Réforme de la justice (DG commune)

par Peu Stéphane

Loin de recueillir l’assentiment de tous, cette réforme de la justice fait plutôt l’unanimité contre elle.

M. Jean Lassalle. Vive la justice !

M. Stéphane Peu. De grèves reconductibles ou perlées en « journées mortes » de la justice, la mobilisation, inédite, s’est amplifiée au fil des mois. Jeudi dernier encore, avocats, magistrats, greffiers, professionnels de la justice ont exprimé leur colère, leurs inquiétudes et leur rejet de votre projet. Ils dénoncent à la fois la concertation de façade menée dans le cadre des chantiers de la justice, une absence de vision, un budget insuffisant et une logique gestionnaire. Bref, ils nous disent que cette réforme n’a été construite ni avec eux, ni dans l’intérêt du justiciable.

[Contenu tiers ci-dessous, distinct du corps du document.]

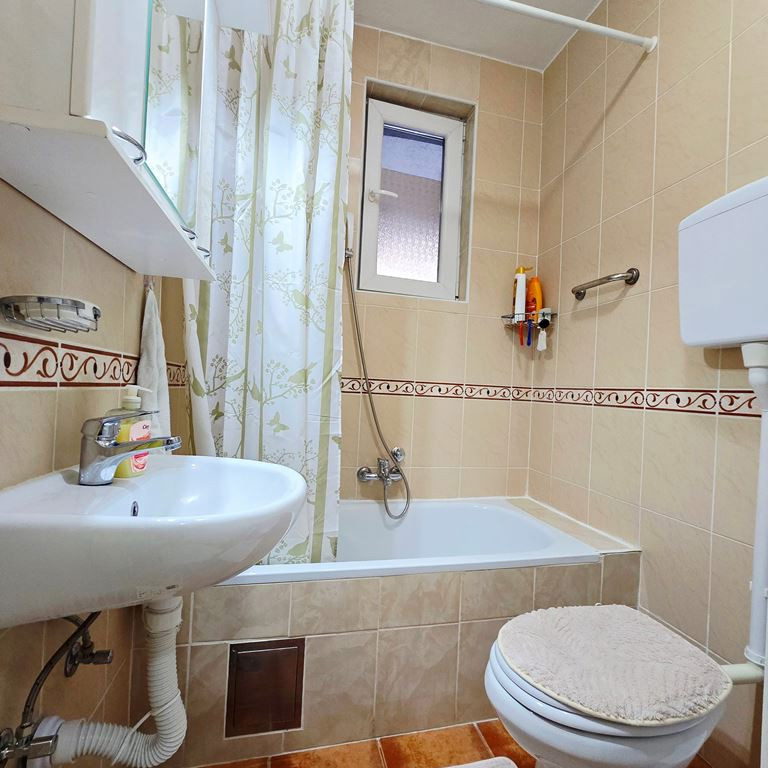 Dvosoban stan na prodaju, Detelinara, Novi Sad, 45m², 121.500 €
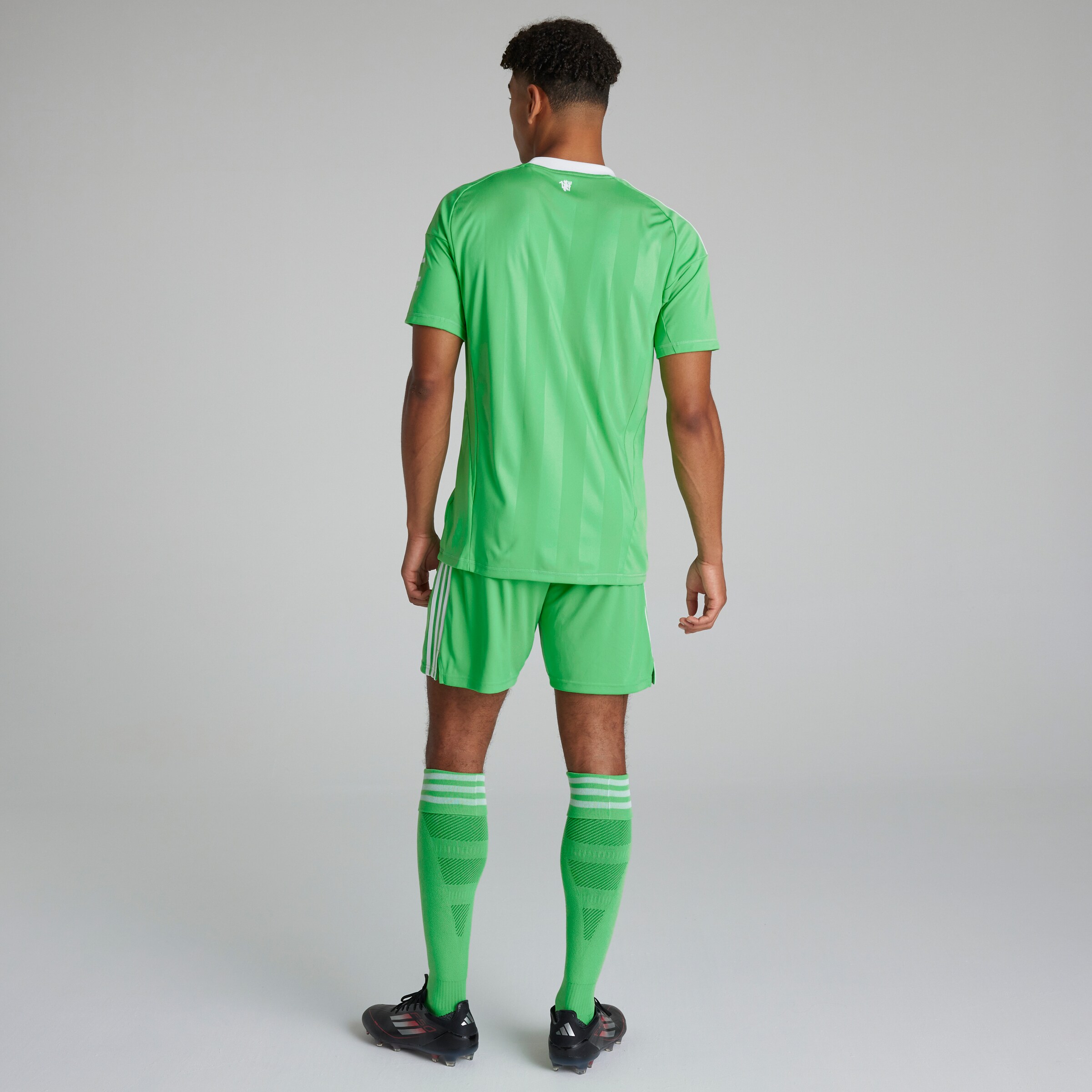 Manchester United 25/26 Mens Goalkeeper Shorts Green Green Detail [2-6]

La méthode qui consiste à nier la parole des corps intermédiaires devient d’ailleurs la marque de fabrique de ce gouvernement. Dans la période que nous vivons, face à la gronde du pays, vous seriez bien inspirés de rompre avec cette pratique.

M. Sébastien Jumel. Ce serait bien, en effet…

M. Stéphane Peu. Ce texte, présenté comme un texte de simplification et de modernisation, n’est pas à la hauteur des enjeux.

M. Jean Lassalle. Pas du tout !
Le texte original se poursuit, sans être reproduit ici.